Let $S$ be a Noetherian scheme, and let $X$ be a scheme over $S$, such that
all relative symmetric powers of $X$ over $S$ exist. Assume that either $S$ is
of pure characteristic $0$ or $X$ is flat over $S$. Assume also that the
structural morphism from $X$ to $S$ admits a section, and use it to construct
the connected infinite symmetric power ${\rm Sym}^{\infty }(X/S)$ of the scheme
$X$ over $S$. This is a commutative monoid whose group completion ${\rm
Sym}^{\infty }(X/S)^+$ is an abelian group object in the category of set valued
sheaves on the Nisnevich site over $S$, which is known to be isomorphic, as a
Nisnevich sheaf, to the sheaf of relative $0$-cycles in Rydh's sense. Being
restricted on seminormal schemes over $\mathbb Q$, it is also isomorphic to the
sheaf of relative $0$-cycles in the sense of Suslin-Voevodsky and Koll\'ar.
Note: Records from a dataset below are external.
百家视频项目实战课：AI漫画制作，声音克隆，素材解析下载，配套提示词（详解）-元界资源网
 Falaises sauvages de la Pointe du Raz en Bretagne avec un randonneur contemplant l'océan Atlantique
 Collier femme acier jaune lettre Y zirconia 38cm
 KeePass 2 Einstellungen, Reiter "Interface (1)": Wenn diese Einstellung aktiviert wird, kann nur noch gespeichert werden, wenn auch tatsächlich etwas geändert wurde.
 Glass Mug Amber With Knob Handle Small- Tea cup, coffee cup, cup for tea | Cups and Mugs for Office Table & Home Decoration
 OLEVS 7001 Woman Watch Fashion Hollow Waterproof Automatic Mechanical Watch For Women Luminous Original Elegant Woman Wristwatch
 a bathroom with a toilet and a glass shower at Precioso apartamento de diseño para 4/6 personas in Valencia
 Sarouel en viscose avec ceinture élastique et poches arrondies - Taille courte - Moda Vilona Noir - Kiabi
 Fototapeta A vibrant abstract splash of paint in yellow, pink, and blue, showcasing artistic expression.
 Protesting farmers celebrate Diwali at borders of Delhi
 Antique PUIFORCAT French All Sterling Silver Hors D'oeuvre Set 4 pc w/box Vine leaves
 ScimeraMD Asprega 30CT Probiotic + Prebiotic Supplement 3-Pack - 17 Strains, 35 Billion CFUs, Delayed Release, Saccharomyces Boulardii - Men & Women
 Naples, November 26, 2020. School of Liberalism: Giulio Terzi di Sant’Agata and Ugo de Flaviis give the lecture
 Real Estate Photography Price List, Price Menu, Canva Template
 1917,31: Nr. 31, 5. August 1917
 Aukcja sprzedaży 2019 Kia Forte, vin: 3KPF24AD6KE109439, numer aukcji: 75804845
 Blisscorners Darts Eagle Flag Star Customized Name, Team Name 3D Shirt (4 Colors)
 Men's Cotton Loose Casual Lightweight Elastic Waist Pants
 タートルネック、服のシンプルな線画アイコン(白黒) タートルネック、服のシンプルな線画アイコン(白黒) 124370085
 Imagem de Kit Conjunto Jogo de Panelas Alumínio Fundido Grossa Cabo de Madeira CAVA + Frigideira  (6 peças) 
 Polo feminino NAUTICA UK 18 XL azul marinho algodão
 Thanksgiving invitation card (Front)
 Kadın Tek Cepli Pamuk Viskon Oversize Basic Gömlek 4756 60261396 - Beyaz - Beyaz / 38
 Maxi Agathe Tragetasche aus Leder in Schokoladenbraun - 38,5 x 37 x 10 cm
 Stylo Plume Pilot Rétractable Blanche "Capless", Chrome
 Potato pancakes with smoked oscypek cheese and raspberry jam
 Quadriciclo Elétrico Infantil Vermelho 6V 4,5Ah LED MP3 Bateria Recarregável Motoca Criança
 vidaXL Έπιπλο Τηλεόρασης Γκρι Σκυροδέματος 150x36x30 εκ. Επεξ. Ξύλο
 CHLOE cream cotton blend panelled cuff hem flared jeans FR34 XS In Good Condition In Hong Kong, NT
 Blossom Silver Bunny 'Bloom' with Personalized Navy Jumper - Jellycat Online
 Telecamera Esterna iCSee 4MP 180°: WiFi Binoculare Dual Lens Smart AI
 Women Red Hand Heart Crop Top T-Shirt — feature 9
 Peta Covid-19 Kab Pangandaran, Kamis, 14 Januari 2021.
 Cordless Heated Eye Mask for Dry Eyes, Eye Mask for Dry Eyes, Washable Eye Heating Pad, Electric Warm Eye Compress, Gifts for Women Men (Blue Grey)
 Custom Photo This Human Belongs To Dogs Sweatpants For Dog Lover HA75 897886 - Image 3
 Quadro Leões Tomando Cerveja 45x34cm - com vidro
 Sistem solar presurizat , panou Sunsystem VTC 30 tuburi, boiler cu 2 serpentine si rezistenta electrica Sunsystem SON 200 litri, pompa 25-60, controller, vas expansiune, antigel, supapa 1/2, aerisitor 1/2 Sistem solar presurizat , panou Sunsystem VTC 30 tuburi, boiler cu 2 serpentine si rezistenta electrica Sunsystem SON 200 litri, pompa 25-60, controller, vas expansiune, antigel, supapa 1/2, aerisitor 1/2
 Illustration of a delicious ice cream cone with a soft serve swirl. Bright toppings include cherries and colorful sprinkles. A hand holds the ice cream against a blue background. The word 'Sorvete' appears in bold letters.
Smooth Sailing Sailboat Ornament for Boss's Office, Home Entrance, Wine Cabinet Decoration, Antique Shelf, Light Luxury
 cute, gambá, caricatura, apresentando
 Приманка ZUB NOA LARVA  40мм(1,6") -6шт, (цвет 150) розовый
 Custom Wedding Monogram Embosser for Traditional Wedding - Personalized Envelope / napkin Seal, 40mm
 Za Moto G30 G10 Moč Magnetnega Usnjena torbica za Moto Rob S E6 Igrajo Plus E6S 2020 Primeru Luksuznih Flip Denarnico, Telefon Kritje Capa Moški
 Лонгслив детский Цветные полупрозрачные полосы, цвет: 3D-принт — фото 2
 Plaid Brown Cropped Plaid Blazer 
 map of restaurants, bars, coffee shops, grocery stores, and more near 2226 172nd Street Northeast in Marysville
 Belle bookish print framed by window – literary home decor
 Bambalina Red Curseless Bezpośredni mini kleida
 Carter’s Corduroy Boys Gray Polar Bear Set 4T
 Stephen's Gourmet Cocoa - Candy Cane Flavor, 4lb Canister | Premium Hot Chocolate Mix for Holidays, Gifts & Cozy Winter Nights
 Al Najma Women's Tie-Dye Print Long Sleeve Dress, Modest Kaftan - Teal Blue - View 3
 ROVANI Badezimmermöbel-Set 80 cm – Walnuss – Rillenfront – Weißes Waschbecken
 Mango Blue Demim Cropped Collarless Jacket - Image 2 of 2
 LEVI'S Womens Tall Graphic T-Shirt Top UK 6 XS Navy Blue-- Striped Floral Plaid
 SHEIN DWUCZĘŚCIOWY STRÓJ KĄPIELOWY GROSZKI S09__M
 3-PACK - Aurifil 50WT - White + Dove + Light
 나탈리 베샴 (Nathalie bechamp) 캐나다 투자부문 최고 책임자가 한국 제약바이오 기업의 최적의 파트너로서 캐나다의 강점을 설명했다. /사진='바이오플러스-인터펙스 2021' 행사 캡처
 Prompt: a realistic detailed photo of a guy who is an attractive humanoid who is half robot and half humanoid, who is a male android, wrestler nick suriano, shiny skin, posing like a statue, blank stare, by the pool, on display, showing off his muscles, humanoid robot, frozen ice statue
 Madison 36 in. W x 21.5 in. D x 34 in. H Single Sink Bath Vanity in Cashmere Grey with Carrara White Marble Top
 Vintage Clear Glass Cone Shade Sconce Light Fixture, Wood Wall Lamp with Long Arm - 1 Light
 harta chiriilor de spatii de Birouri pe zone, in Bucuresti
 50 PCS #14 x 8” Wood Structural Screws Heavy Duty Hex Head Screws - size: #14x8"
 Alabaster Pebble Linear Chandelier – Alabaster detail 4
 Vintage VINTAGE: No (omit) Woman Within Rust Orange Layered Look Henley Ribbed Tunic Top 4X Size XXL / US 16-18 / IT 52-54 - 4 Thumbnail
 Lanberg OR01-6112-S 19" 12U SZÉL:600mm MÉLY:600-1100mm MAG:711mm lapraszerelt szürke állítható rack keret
In
the paper we construct a locally ringed Nisnevich-\'etale site of $0$-cycles
${\rm Sym}^{\infty }(X/S)^+_{\rm {Nis-et}}$, such that the category of \'etale
neighbourhoods, at each point $P$ on it, is cofiltered. This yields the sheaf
of K\"ahler differentials $\Omega ^1_{{\rm Sym}^{\infty }(X/S)^+}$ and its
dual, the tangent sheaf $T_{{\rm Sym}^{\infty }(X/S)^+}$ on the space ${\rm
Sym}^{\infty }(X/S)^+$. Applying the stalk functor, we obtain the stalk
$T_{{\rm Sym}^{\infty }(X/S)^+,P}$ of the tangent sheaf at $P$, whose tensor
product with the residue field $\kappa (P)$ is our tangent space to the space
of $0$-cycles at $P$.